___ COLLECTED DATA ___
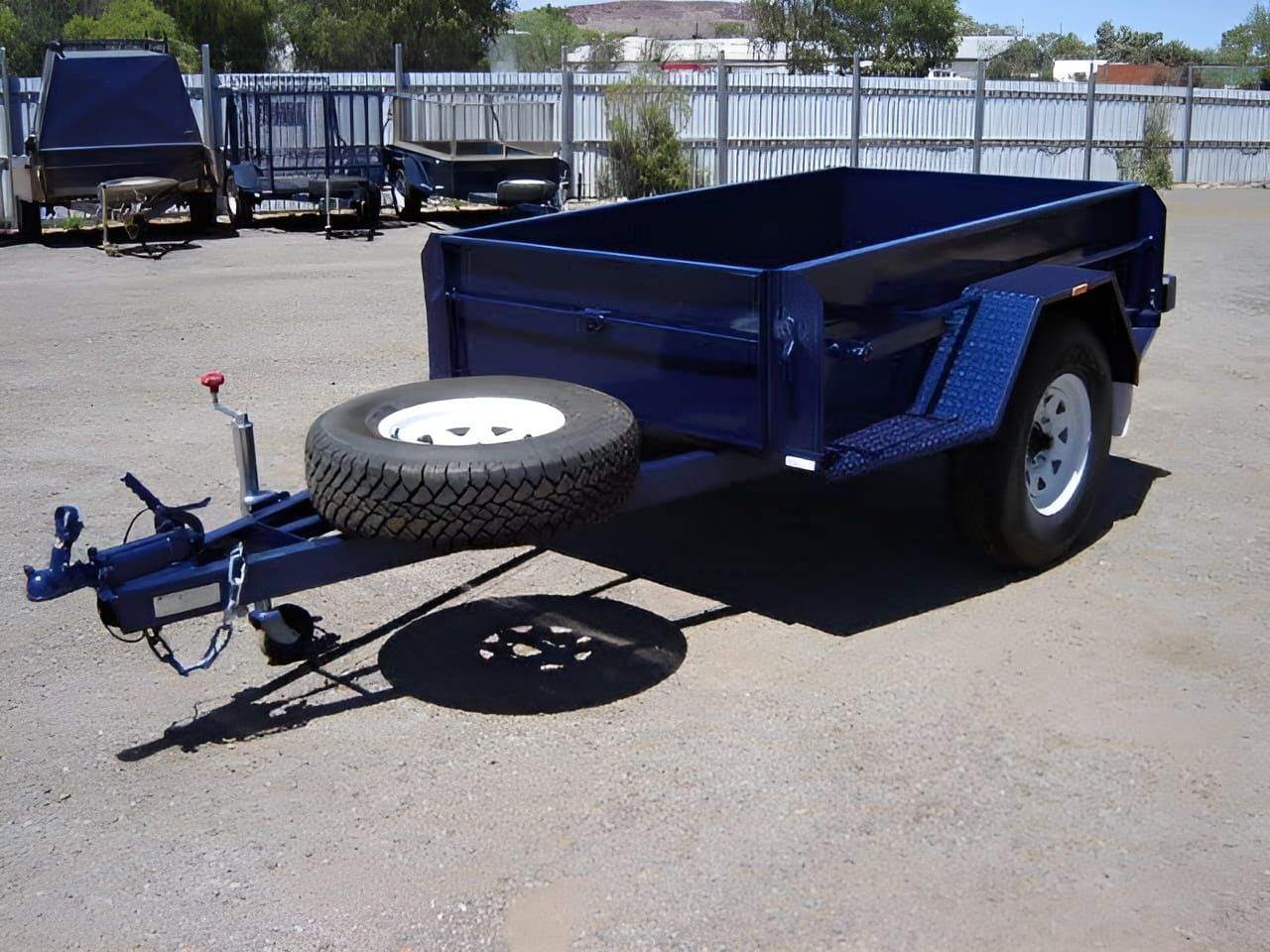 A Blue Trailer With A Spare Tire Attached To It — Centre Trailer Sales In Alice Springs, NT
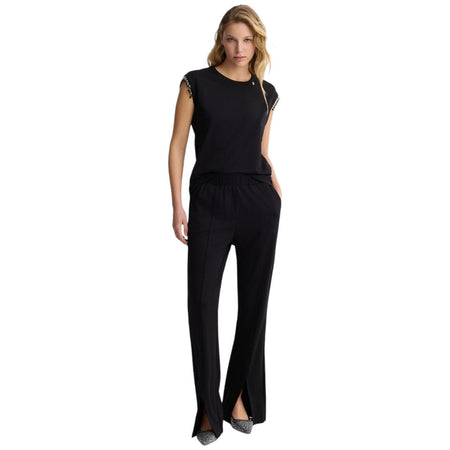 Liu Jo pantaloni flare neri in jersey TA5147J5942 22222 Pantaloni Liu Jo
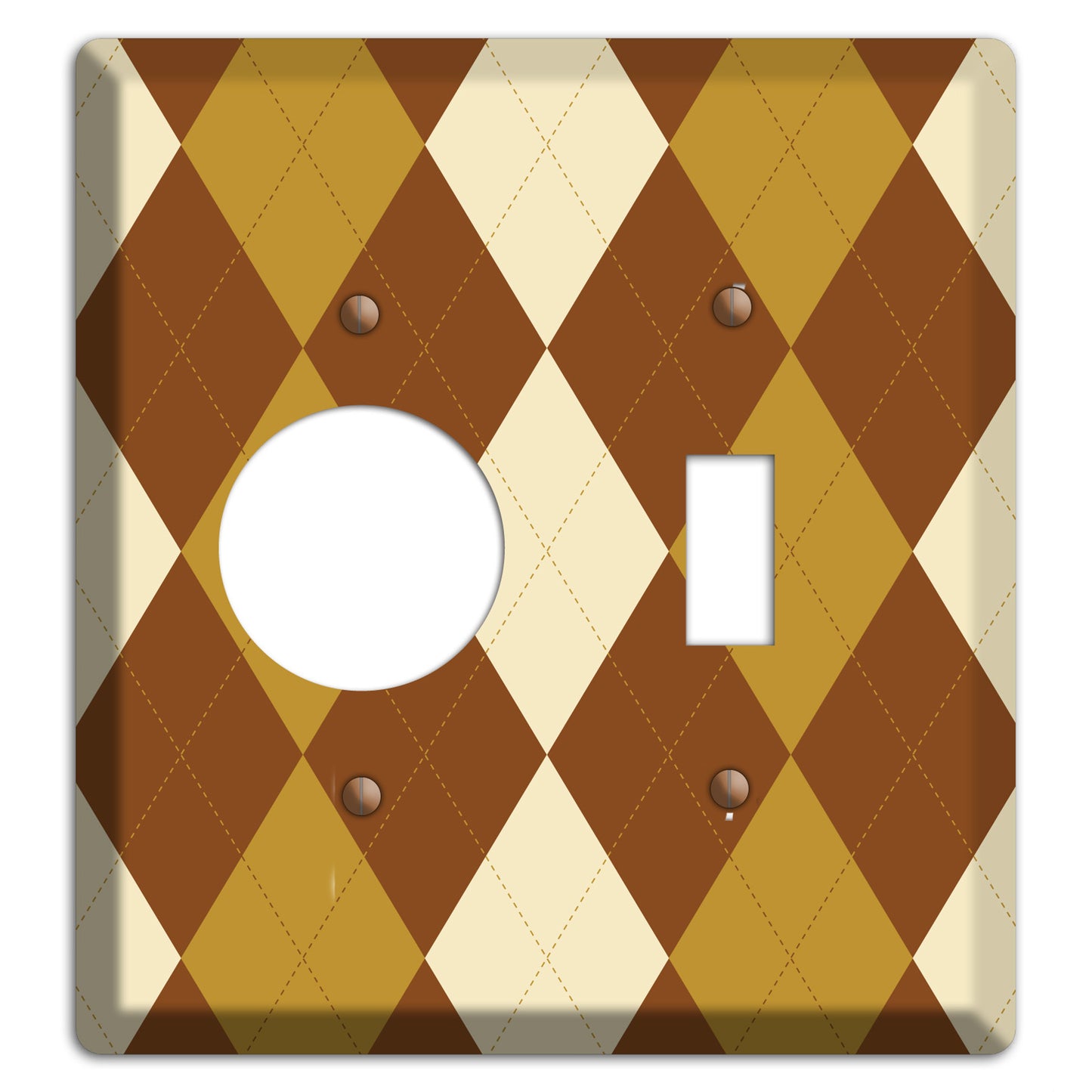 Multi Brown Argyle Receptacle / Toggle Wallplate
___
## YOUR GOAL
Restate every line of the listing exactly. Pictures are not part of the copy.

## WRITTEN REPLY
 A Blue Trailer With A Spare Tire Attached To It — Centre Trailer Sales In Alice Springs, NT
 Liu Jo pantaloni flare neri in jersey TA5147J5942 22222 Pantaloni Liu Jo
 Multi Brown Argyle Receptacle / Toggle Wallplate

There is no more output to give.